4. De lidstaten dienen uiterlijk op 30 juni 2009 bij de Commissie een evaluatieverslag in over de resultaten en het effect van de maatregelen die medefinanciering uit het Fonds hebben ontvangen voor de periode 2005-2007.
5. De Commissie dient uiterlijk op 31 december 2009 bij het Europees Parlement, de Raad, het Europees Economisch en Sociaal Comité en het Comité van de Regio's een verslag in over de bereikte resultaten en over de kwalitatieve en kwantitatieve aspecten van de uitvoering van het Fonds in de periode 2005-2007.
Artikel 55
Intrekking
Beschikking 2004/904/EG wordt met ingang van 1 januari 2008 ingetrokken.
Artikel 56
Inwerkingtreding en toepassing
Deze beschikking treedt in werking op de dag volgende op die van haar bekendmaking in het Publicatieblad van de Europese Unie.
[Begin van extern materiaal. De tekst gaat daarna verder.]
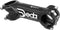 Deda Stuurpen Pista 110mm Zwart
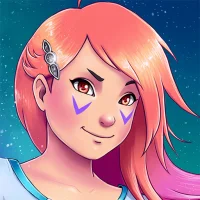 Raanaa The Shaman Girl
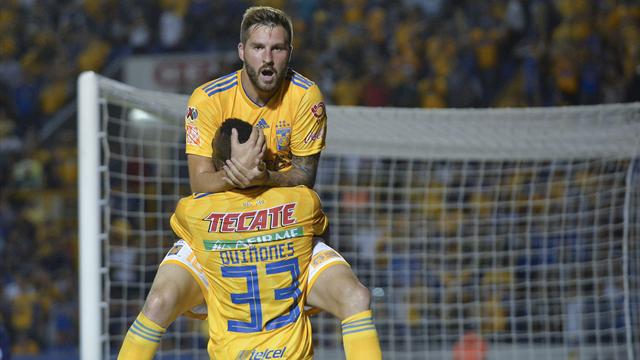 Gignac va prolonger et sans doute achever sa carrière chez les Tigres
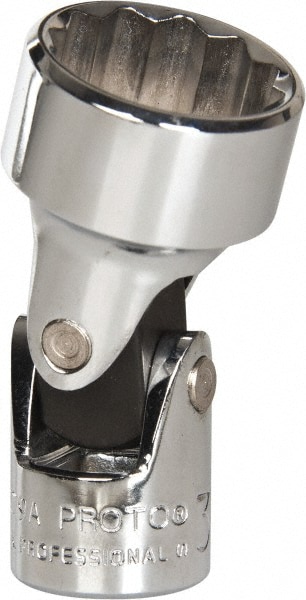 PROTO J5279A Hand Socket: 3/4" Socket, 12-Point Image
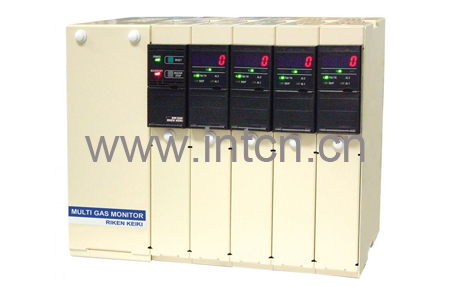 理研計器株（zhū）式會社 RIKEN KEIKI 多（duō）點（diǎn）指示器 RM-590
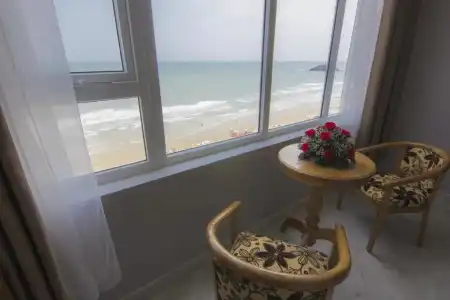 One Season Boutique Vung Tau - Beachfront - 92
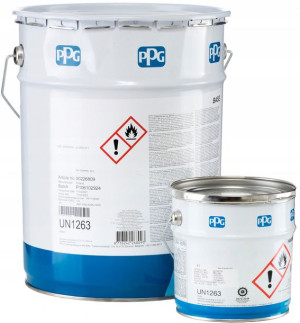 Farba OKRĘTOWA PPG Sigmacover 350 każdy kolor 20L
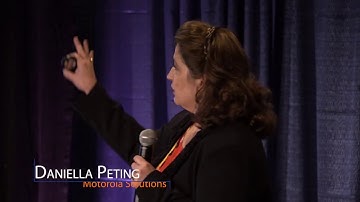 Nine Ways to Get More from Events with Social Media - AMPlify 2017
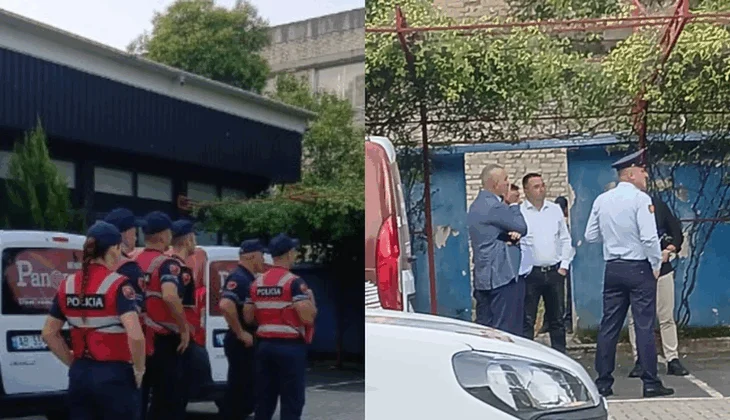 Godina e televizionit News 24 do kthehet në fabrikë armësh!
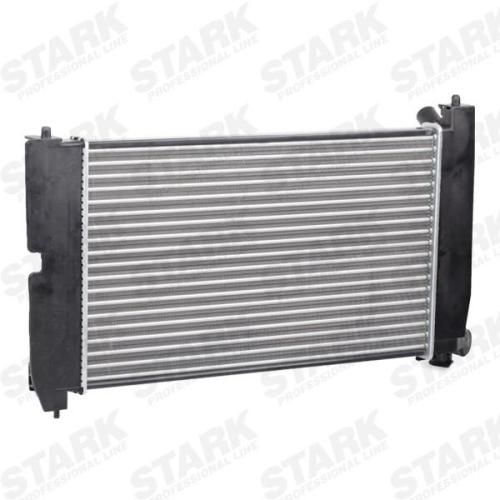 STARK SKRD-0121128 Motorkühler / Wasserkühler für TOYOTA AVENSIS Kombi (T25) Bild STARK SKRD-0121128 Motorkühler / Wasserkühler für TOYOTA AVENSIS Kombi (T25)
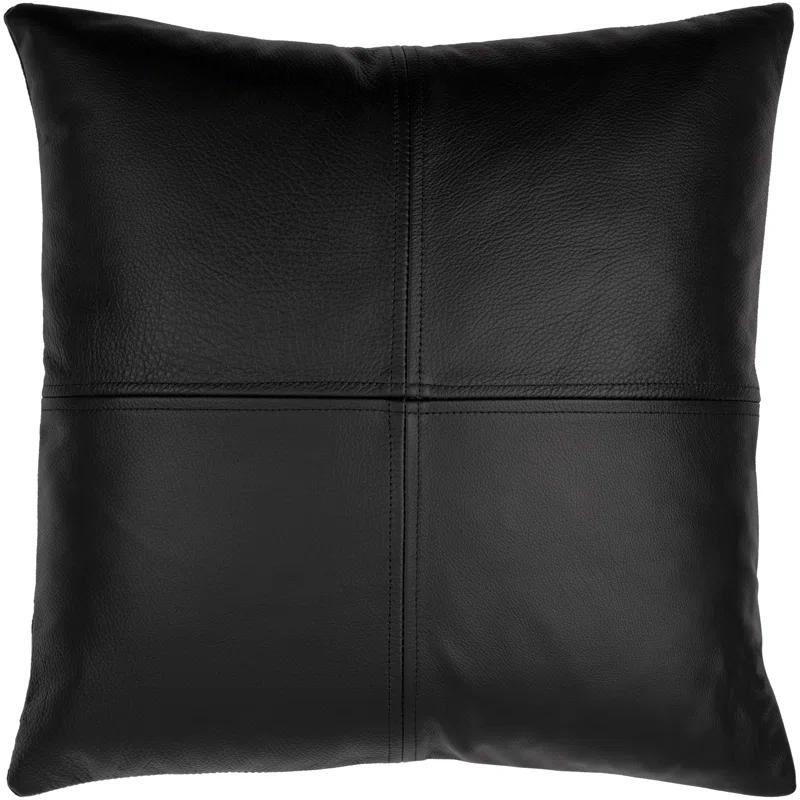 Livabliss Sheffield Down Throw Pillow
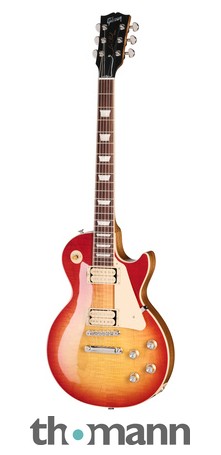 レフティ Gibson Les Paul Standard 60s Gibson Les Paul Standard '60s Electric Guitar, Left-Handed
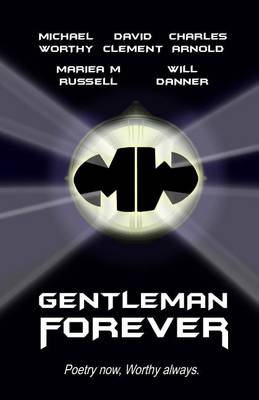 Book cover for GentleMan Forever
Deze beschikking is van toepassing met ingang van 1 januari 2008, met uitzondering van de artikelen 13, 17, 18, 20, 23 en 25, artikel 31, lid 2, artikel 31, lid 5, artikel 32, artikel 35, lid 4, en artikel 52, die van toepassing zijn vanaf 7 juni 2007.
Artikel 57
Adressaten
Deze beschikking is gericht tot de lidstaten overeenkomstig het Verdrag tot oprichting van de Europese Gemeenschap.
Gedaan te Brussel, 23 mei 2007.
Voor het Europees Parlement
De voorzitter
H.-G. PÖTTERING
Voor de Raad
De voorzitter
G. GLOSER
(1) PB C 88 van 11.4.2006, blz. 15.
(2) PB C 115 van 16.5.2006, blz. 47.
(3) Advies van het Europees Parlement van 14 december 2006 (nog niet bekendgemaakt in het Publicatieblad) en besluit van de Raad van 7 mei 2007.
(4) PB L 252 van 6.10.2000, blz. 12.
(5) PB L 381 van 28.12.2004, blz. 52.
(6) PB C 139 van 14.6.2006, blz. 1.
(7) Zie bladzijde 22 van dit Publicatieblad.
(8) Zie bladzijde 45 van dit Publicatieblad.
(9) Nog niet bekendgemaakt in het Publicatieblad.
(10) PB L 304 van 30.9.2004, blz. 12.
(11) PB L 212 van 7.8.2001, blz. 12.
(12) PB L 248 van 16.9.2002, blz. 1. Verordening gewijzigd bij Verordening (EG, Euratom) nr. 1995/2006 (PB L 390 van 30.12.2006, blz. 1).
(13) PB L 184 van 17.7.1999, blz. 23. Besluit gewijzigd bij Besluit 2006/512/EG (PB L 200 van 22.7.2006, blz. 11).
(14) PB L 396 van 31.12.2004, blz. 45.